A sly and humorous portrait of modern relationships and an urban comedy of manners in the vein of The Love Affairs of Nathaniel P, James Gregor's Going Dutch finds a struggling gay male graduate student in an unexpected—yet stirring—relationship with his brilliant female classmate.
Exhausted by countless dead-end forays in the gay dating scene, surrounded constantly by friends but deeply lonely in New York City, drifting into the academic abyss, twenty-something graduate student Richard has plenty of sources of anxiety. But at the forefront is his crippling writer's block, which threatens daily to derail his graduate funding and leave Richard poor, directionless, and desperately single.

Enter Anne: his brilliant classmate who offers to “help” Richard write his papers in exchange for his company, despite Richard's fairly obvious sexual orientation. Still, he needs her help, and it doesn't hurt that Anne has folded Richard into her abundant lifestyle. What begins as an initially transactional relationship blooms suddenly into something more complex.

But then a one-swipe-stand with an attractive, successful lawyer named Blake becomes serious, and Richard suddenly finds himself unable to detach from Anne, entangled in her web of privilege, brilliance, and, oddly, her unabashed acceptance of Richard's flaws.
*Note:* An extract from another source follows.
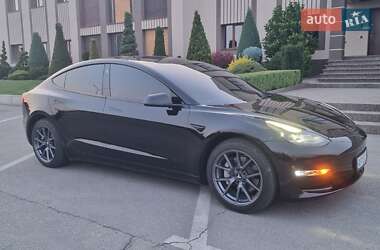 Седан Tesla Model 3 2023 в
As the two relationships reach points of serious commitment, Richard soon finds himself on a romantic and existential collision course—one that brings about surprising revelations.

Going Dutch is an incisive portrait of relationships in an age of digital romantic abundance, but it's also a heartfelt and humorous exploration of love and sexuality, and a poignant meditation on the things emotionally ravenous people seek from and do to each other. James Gregor announces himself with levity, and a fresh, exciting voice in his debut.

James Gregor holds an MFA in Fiction from Columbia. He has been a writer in residence at the Villa Lena Foundation in Tuscany and a bookseller at Shakespeare and Company bookshop in Paris. James was born and grew up in Canada. Going Dutch is his first novel.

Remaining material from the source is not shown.